A University of Wisconsin study on voter suppression revealed that disinformation organizations used social media ads to suppress voting in nonwhite communities primarily in battleground states like Wisconsin, according to UW News. This is worrisome for the integrity of free and fair elections.
Researchers studied the 2016 presidential election by monitoring the ads seen by 10,000 people across the U.S. Participants installed an app that monitored ads seen for six weeks leading up to the election. Those who saw voter-suppressing ads on Facebook were 1.6% less likely to vote than those who did not see targeted ads, according to UW News.
The ads used a variety of anti-voting messaging to reach the social media users, but the most common tactic was stating that not voting would send a stronger message to those in power. The advertisers used Facebook’s microtargeting to identify nonwhite users in Wisconsin. These users were four times more likely to see vote suppressing messaging than their white neighbors, according to UW News.
While the margin of difference made by the ads is small, it is representative of the small margins of victory common in battleground states. The researchers estimate that the ads stopped as many as 4.7 million people from voting across the country, according to UW News.
Lead researcher and professor at the UW School of Journalism and Mass Communication Young Mie Kim said that the ads exasperated nonwhite communities’ previously held sense of distrust of the government. She considers this to be a digital version of historical voter suppression strategies in the U.S.
Voter suppression has taken many forms throughout the history of voting in the U.S. as it moved from Jim Crow laws such as poll taxes and literacy tests that unfairly targeted black voters to issues that persist in the present such as voter ID laws, attacks on early and mail in voting, access to polling places and gerrymandering, according to ABC News.
Thus, digital age voter suppression is not a novel concept, but one that contains layers of secrecy and invasion into daily life that were not present in earlier suppression attempts.
This is clear through the studied ads, as they were purchased and distributed by a Russian disinformation operation called the Internet Research Agency. The agency did not disclose information about the messaging to the Federal Election Commission, making it unclear to voters why they were receiving these ads and what ulterior motives the company had, according to UW News.

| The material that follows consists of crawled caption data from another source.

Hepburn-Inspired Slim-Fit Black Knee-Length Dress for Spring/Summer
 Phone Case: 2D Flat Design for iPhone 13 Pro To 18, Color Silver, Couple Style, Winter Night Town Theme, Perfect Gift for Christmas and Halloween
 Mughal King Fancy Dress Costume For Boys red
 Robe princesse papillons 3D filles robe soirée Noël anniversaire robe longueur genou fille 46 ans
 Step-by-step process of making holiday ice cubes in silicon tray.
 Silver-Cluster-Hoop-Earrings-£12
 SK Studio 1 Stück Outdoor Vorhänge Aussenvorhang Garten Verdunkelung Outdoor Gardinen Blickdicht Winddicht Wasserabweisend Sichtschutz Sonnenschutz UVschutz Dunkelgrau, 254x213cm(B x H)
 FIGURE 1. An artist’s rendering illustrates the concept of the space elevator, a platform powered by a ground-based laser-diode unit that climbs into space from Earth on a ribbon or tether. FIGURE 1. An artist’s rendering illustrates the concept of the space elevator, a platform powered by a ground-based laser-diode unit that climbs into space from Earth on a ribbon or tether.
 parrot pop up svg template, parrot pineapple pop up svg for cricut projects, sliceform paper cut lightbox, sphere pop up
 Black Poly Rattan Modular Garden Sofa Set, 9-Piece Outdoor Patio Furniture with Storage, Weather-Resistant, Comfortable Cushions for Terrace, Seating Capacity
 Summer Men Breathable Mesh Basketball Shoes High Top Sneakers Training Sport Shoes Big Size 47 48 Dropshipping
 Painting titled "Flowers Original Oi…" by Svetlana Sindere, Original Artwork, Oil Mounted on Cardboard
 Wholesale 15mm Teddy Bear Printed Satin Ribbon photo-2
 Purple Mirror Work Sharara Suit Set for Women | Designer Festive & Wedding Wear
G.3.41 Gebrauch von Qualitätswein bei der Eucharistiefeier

Because of this lack of clear understanding, the researchers call for further federal regulations that would make the sources of the ads more clear to voters to cause viewers to critically consider the accuracy and motives of the ads, according to UW News.
Emphasizing transparency in advertising is important for elections as voters should know who is pushing certain messaging towards them and why they are doing that. But, further federal regulation and transparency should not be our only steps to reduce advertising disinformation on social media.
An aspect of voter suppression in the digital age that was not addressed in the study but is crucial to understanding voting trends is the power of influencers and social media content to impact polarization and voter suppression.
A 2023 study showed that influencers who push disinformation, whether knowingly or not, contribute to the disconnect between politicians and voters. While politicians push to moderate their stances to reach independent or undecided voters, social media users are fed content intended to push them to the extremes of their party beliefs because content creators use extremism to establish a viewer base, according to Penn State.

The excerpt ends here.